The Ursids are not dramatic. They do not flood the sky with fireballs or demand social media attention. Instead, they reward stillness. In 2025, the shower is expected to peak during the overnight hours of December 21–22, a timing that places it squarely in the longest nights of the year for Northern Hemisphere observers. Under clear skies, that alone makes them worth stepping outside for.

What sets the Ursids apart is where they appear to come from. Their radiant — the point in the sky from which the meteors seem to fan out — lies in the constellation Ursa Minor, better known as the Little Dipper. The meteors trace back toward the bright orange star Kochab, one of the two outer stars of the dipper’s bowl. Because Ursa Minor circles close to the north celestial pole, this part of the sky never sets for most northern observers, meaning Ursids can technically be seen at any hour of the night.

That does not mean activity is constant. The Ursids are famously brief. Their strongest display usually lasts only a few hours around peak, with little activity on nights before or after. During maximum, observers under dark skies can expect around five to ten meteors per hour. In rare years, short-lived outbursts have pushed rates higher, but 2025 is not expected to produce a meteor storm.

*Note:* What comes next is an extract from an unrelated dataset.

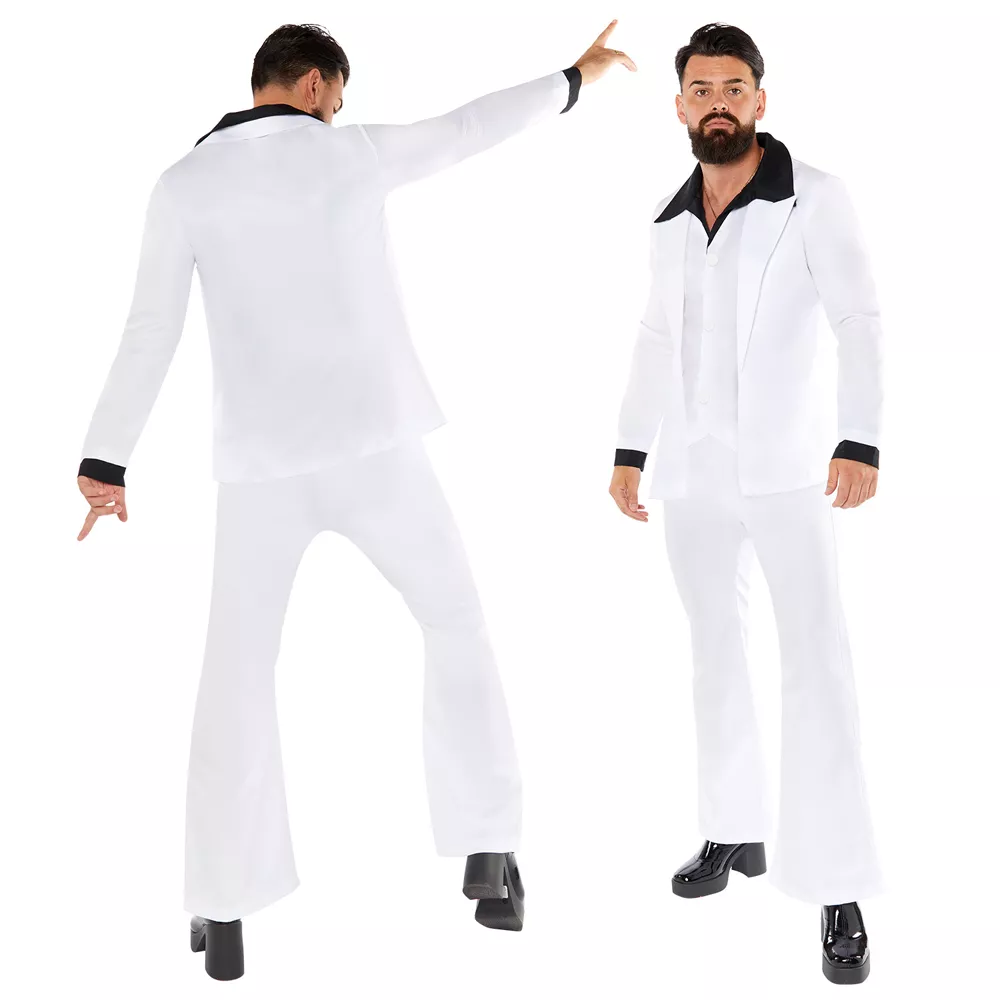 Abito da festa da uomo anni '70 Night Fever bianco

These meteors travel at moderate speed, plunging into Earth’s atmosphere at roughly 22 miles per second (35 km/s). They are typically faint and fleeting, leaving short, delicate streaks rather than long, blazing trails. The best viewing window comes during the final dark hour before dawn, when the radiant climbs highest and Earth’s rotation carries observers more directly into the stream of debris.

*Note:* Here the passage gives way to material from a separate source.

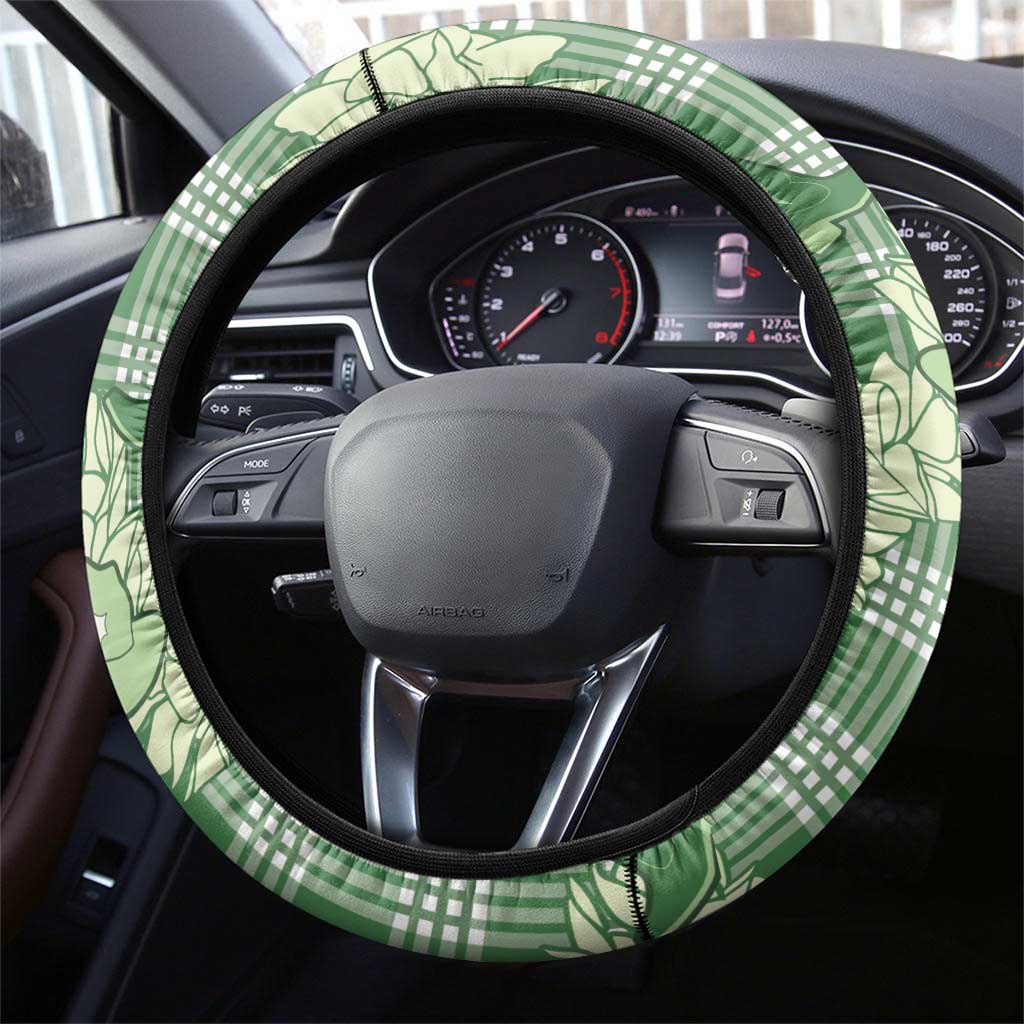 Green Palaka Hawaii Cowboy Christmas Steering Wheel Cover Paniolo Mix Maile Lei - Polynesian Pride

The Ursids originate from comet 8P/Tuttle, a periodic comet that orbits the Sun roughly every 13.6 years. As the comet sheds dust along its path, Earth crosses those remnants each December. Unlike many showers, however, Ursid activity does not always correlate neatly with the comet’s position. Stronger returns have sometimes occurred when the comet was far from the Sun, making predictions unusually difficult and adding an element of uncertainty to each appearance.

Historically, the Ursids have produced a handful of surprising outbursts, notably in 1945 and 1986, with smaller enhancements reported in several years since. In most years, though, the shower lives up to its quiet reputation. That modesty is part of its appeal. Watching the Ursids feels less like attending a spectacle and more like sharing a private moment with the winter sky.

For 2025, conditions are favourable. The Moon will be near new phase around the time of peak, ensuring darker skies than many December meteor displays enjoy. A clear northern horizon and a willingness to linger outdoors are often all that is required. No telescope or binoculars are needed — in fact, they are a hindrance. The naked eye offers the widest view and the best chance of catching these subtle flashes.

There is something fitting about the Ursids arriving as the year winds down. They do not compete for attention, and they rarely disappoint those who understand their limits. In a season often filled with noise and urgency, this quiet meteor shower offers a reminder that not all celestial events need to be loud to be meaningful.

Skywatchers looking for official observing guidance and background on annual meteor showers can find additional resources from NASA’s meteor and meteorite overview, which explains how streams like the Ursids form and why their displays vary from year to year.

If skies cooperate, the Ursids of 2025 may not steal headlines, but they can still offer a gentle, reliable reminder that even the quietest cosmic events are worth looking up for.